El ministro de la Guerra fue menos expresivo ante los informadores. Su mutismo no impidió que yo pudiese publicar la conversación mantenida por los dos políticos, con bastante retraso a cuando se celebró, porque por entonces El Socialista padecía una suspensión, no decretada por autoridad ninguna, que se prolongó durante 14 meses. Maura dio conocimiento de la entrevista a Sánchez Román, y este, cuya devoción por Prieto es pública, se la confió a mi compañero, que por entonces vivía oculto en Madrid, quien a su vez, y con fines periodísticos, me la refirió a mí. Al día siguiente estaba en el diario, se transmitía por las agencias a provincias y la reproducían algunos colegas de la capital. La seguridad que Gil Robles había dado a Miguel Maura no podía ser más categórica:
—En tanto yo esté al frente de la cartera de Guerra —le dijo— deseche todo temor de un golpe de Estado. No haga aprecio de ningún rumor. Crea en la palabra que le da un caballero cristiano. Y ahora, escúcheme unas confidencias que sólo he hecho en el seno de la más absoluta intimidad y que le repito a usted. He ido a la cartera de Guerra por mi iniciativa y mi terquedad. Llegué al Palacio de Buenavista lleno de ilusiones, creyendo que me sería posible hacer una obra que me retribuyese el esfuerzo. Actualmente me he despedido de toda esperanza. No hay nada que fiar ni que confiar a los militares. Los que no son unos incapaces son, además de incapaces, ladrones. ¡No lo hubiese creído! Tengo manifiesta repugnancia al tratar con ellos. Establezcamos las excepciones que desee, a condición de que no sean muchas. ¿Cree usted que puede intentarse algo con personas a las que por razones tan elementales de sanidad moral es necesario descalificar? Yo, si alguna vez lo he creído, hoy no lo creo. Tranquilícese, pues, y no provoque, sin necesidad, un debate que no creo le pudiese tranquilizar tanto como estas palabras dichas en el recato de estas cuatro paredes.

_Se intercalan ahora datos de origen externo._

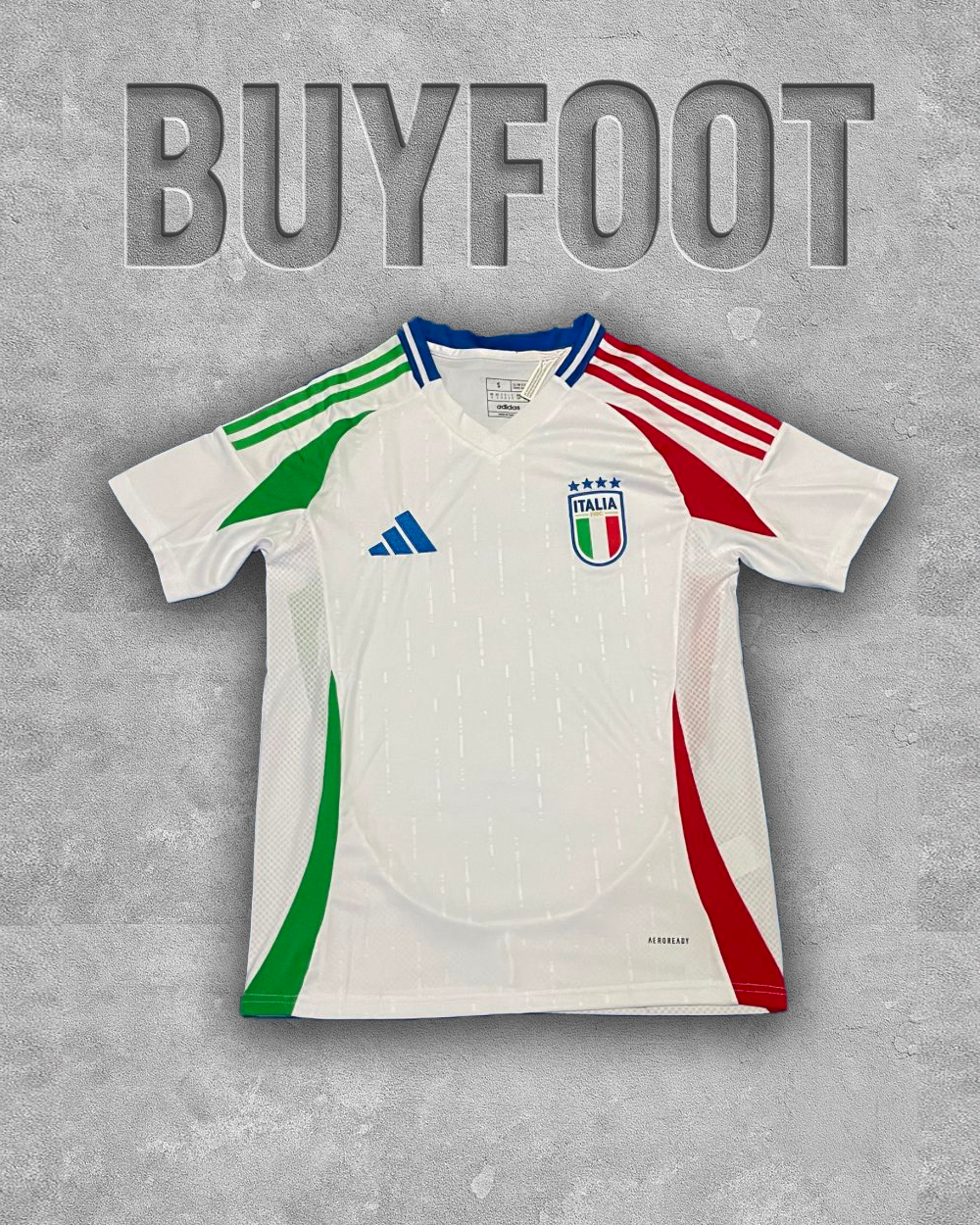 ⚪️ Maillot Extérieur Italie 2024/2025 – L’Élégance Pure des Azzurri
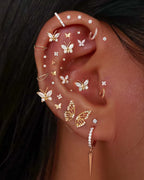 Flutter Butterfly Wings Double Stud Earrings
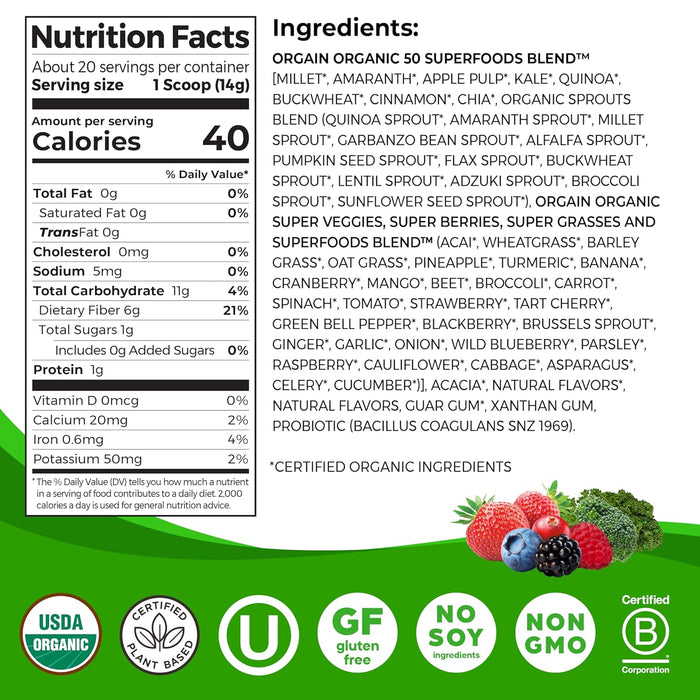 Orgain Organic Greens Powder + 50 Superfoods, Berry - 1 Billion Probiotics for Digestive Health, Antioxidants, Vegan, Plant-Based, Gluten-Free, Non-GMO, Green Juice & Smoothie Drink Mix - 0.62lb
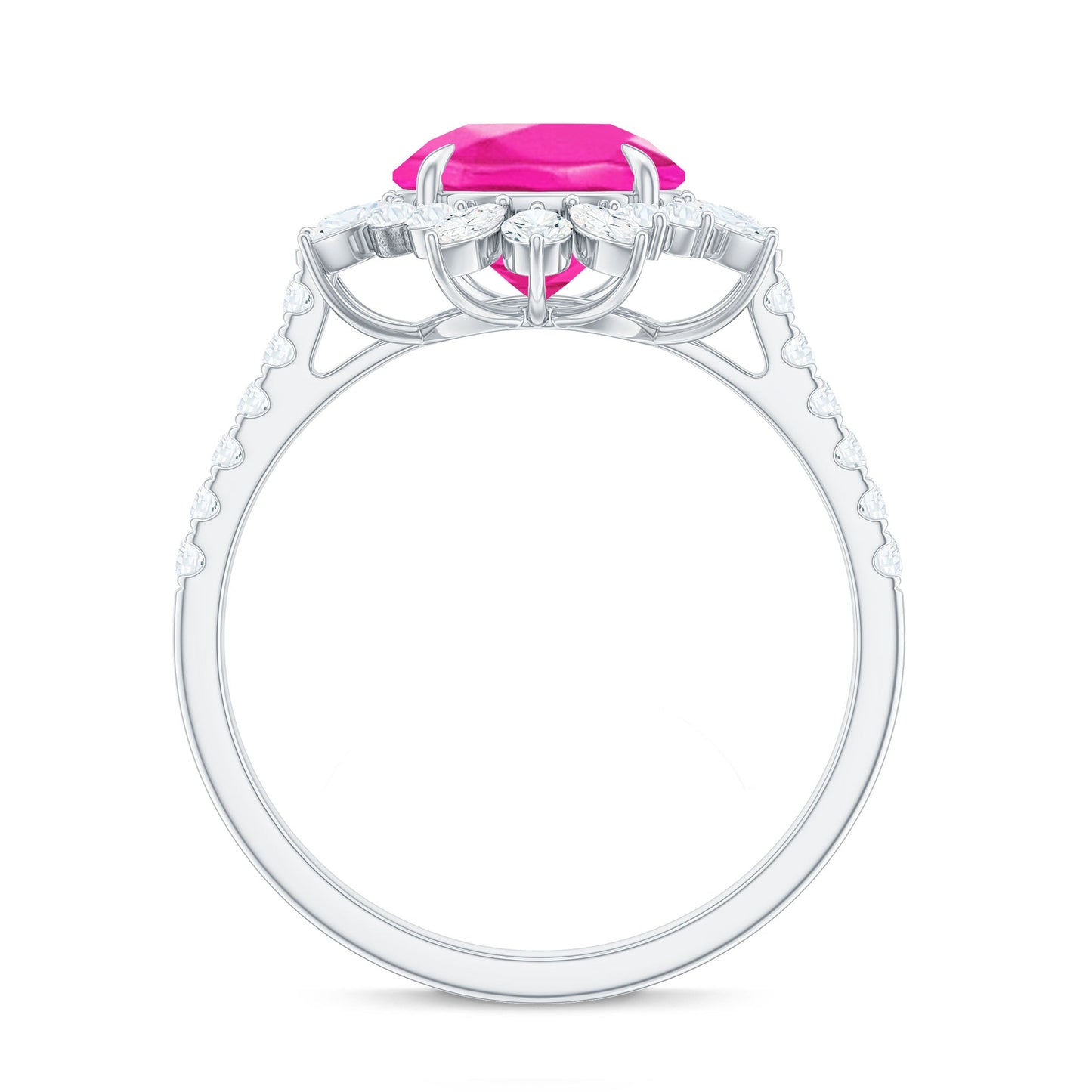 Created Pink Sapphire Cocktail Ring with Moissanite Floral Halo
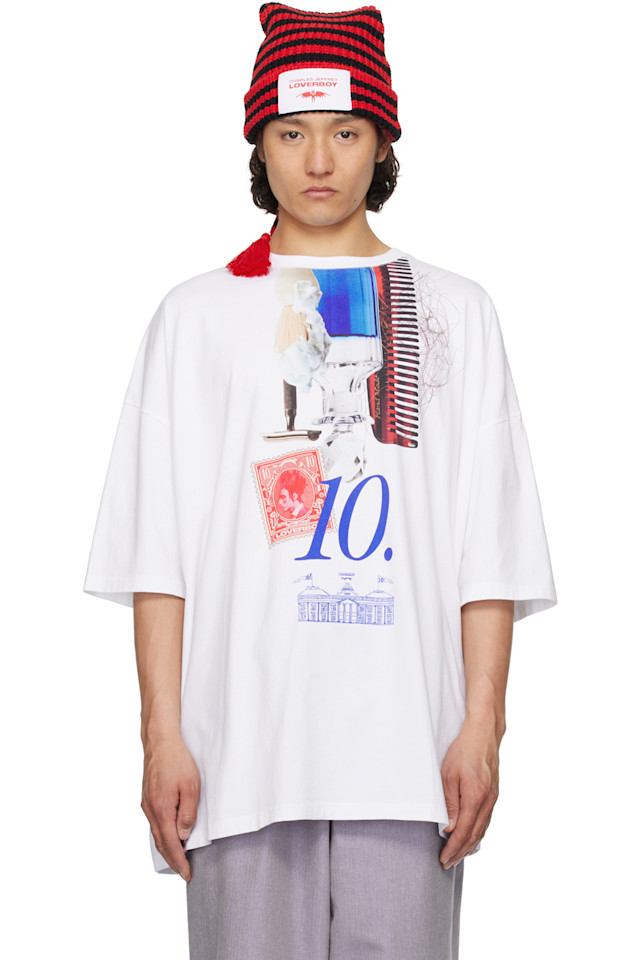 

Футболка оверсайз с цифрой "10" Charles Jeffrey Loverboy, синий
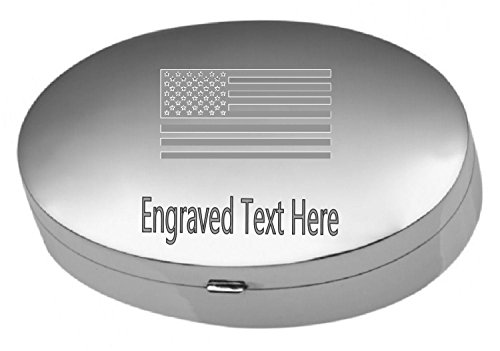 Boîte à pilules argent massif gravé USA un cadeau idéal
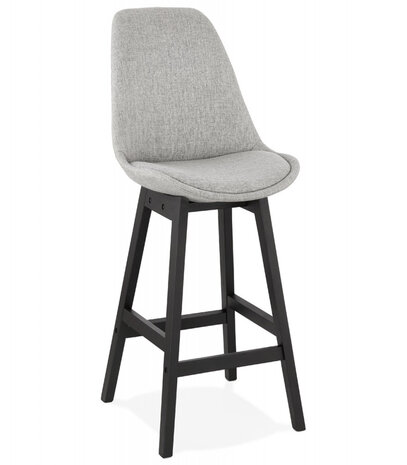 Halfhoge design kruk 'TERESA MINI' in grijze stof en voet van zwart hout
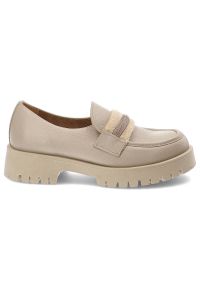 Beżowe Półbuty Lemar Eleganckie Skórzane Buty Damskie. Okazja: do pracy. Kolor: beżowy. Materiał: skóra. Szerokość cholewki: normalna. Styl: elegancki #6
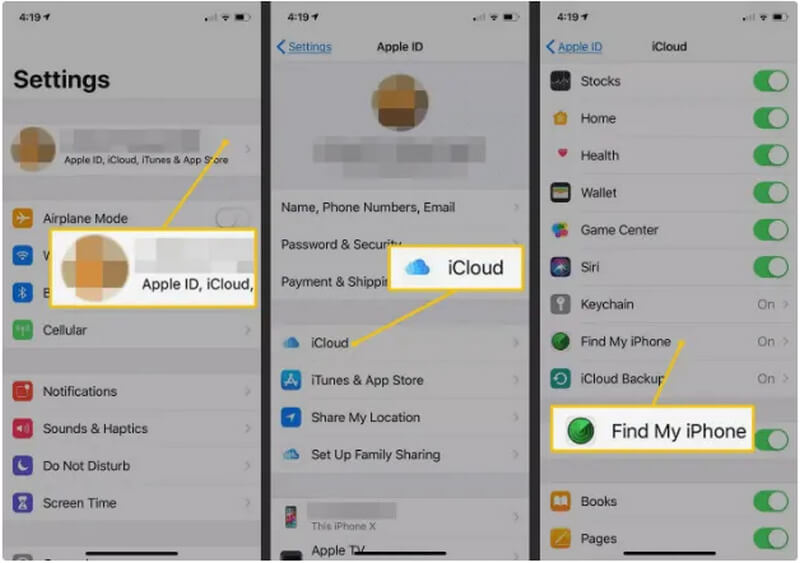 Activate Find My iPhone or iCloud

Gil Robles se atuvo a su palabra. Actualmente, reducido a expatriación, no es presumible que haya rectificado su juicio sobre los militares, incluyendo en ellos al generalísimo y jefe del Estado, don Francisco Franco, subsecretario suyo por el tiempo de la confidencia a Maura. Pero si él no encontró —ni continúa encontrando— razones que le indujesen a rectificar, está bien demostrado que no les sucedió lo mismo a sus correligionarios, suscritos desde el primer momento a los planes y a las ideas de Calvo Sotelo, y con más firmeza y encono a partir del instante en que le perdieron. Gil Robles debió sentir un estremecimiento en la carne al conocer la muerte de su más implacable debelador, con el que, en razón de las buenas maneras, entretenía una amistad bastante más cortés que cordial. Hacía tiempo que el jefe de la CEDA, por acuerdo de sus amigos y gusto propio, se hacía acompañar de una nutrida escolta de jóvenes japistas; pero ello no debió impedirle recordar el vaticinio que le hiciese desde su escaño parlamentario, en una sesión memorable por sus escándalos, José Díaz, secretario general del Partido Comunista:
—Su señoría morirá con los zapatos puestos.
Vaticinio que hubiera llegado a cumplirse el amanecer del 15 de julio si el grupo de conjurados que puso término a la vida de Calvo Sotelo hubiese iniciado su revancha por el jefe de la CEDA, a quien Prieto, involuntariamente, iba a dar ocasión de nuevos estremecimientos.